On June 12, the French government will host 60 major donors, foreign governments and non-governmental actors, at the Paris Donor Conference for Afghanistan. The Afghan government will be asking the international community to commit to $50 billion in aid for the coming years.  We at CIVIC wanted to make sure that at least part of that commitment goes to help those Afghan families and communities caught in the past and ongoing conflict. This weekend I attended the civil society forum on Afghanistan, where NGOs and members of the private sector had a nominal opportunity to provide recommendations and guidance for those representatives deciding the international community’s commitment in June.

I say nominal because the civil society forum was pulled together at the last minute, with many NGOs complaining that the process of selecting attendees and of developing the agenda was not transparent, open, or representative. Debate on the broader issues in Afghanistan was cabined into a two hour period and limited to the list of 4 or 5 issues pre-slotted on the agenda.

I attended the human rights session, where issues of transitional justice and civilian casualties were notably absent from the agenda. By the time the round table speakers had spoken on the pre-approved topics there was only 10 minutes left to formulate concrete recommendations on the human rights situation in Afghanistan. I raised my hand to question the glaring lack of discussion and debate on the critical topic of how to help civilians still suffering from the ongoing conflict, but I was pre-empted by not one but four Afghans representing different organizations and institutions in Afghanistan. Many of them worked for organizations that were not directly linked to issues of civilian casualties or redressing the costs of conflict, but each one of them as an Afghan  knew how critical such relief and recognition was to their country.

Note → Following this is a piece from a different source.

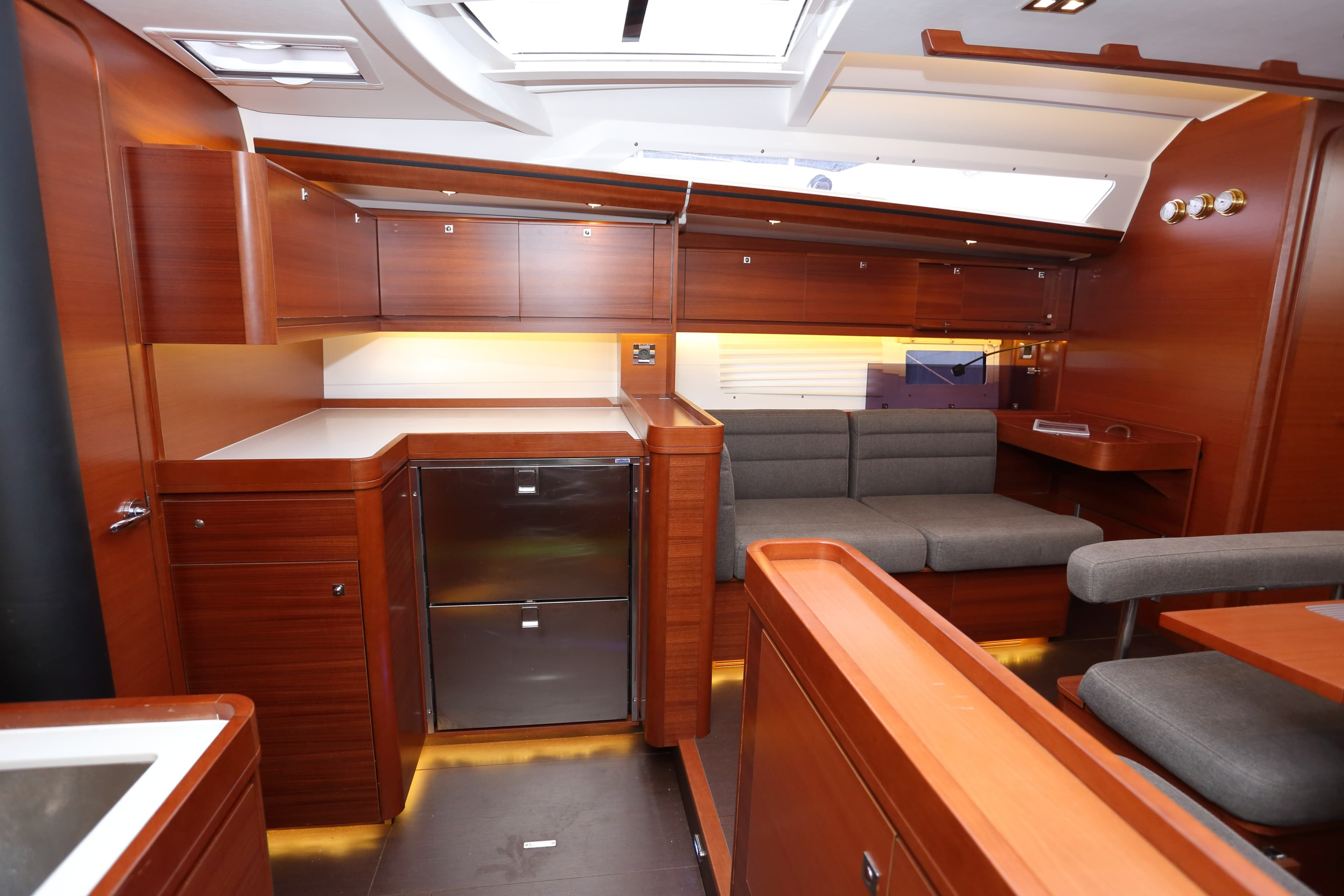 Dufour 520 Grand Large - photo 11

In the end, we were able to submit several concrete recommendations urging representatives at the Paris Conference to recognize civilian losses in past and ongoing conflicts (particularly those caused by international military forces); and to support existing initiatives providing emergency relief, humanitarian aid or compensation to Afghan victims of conflict.  Given the context of the conference and the hasty treatment of the civil society forum, we can only hope that representatives at the Paris Donor Conference will take these recommendations seriously.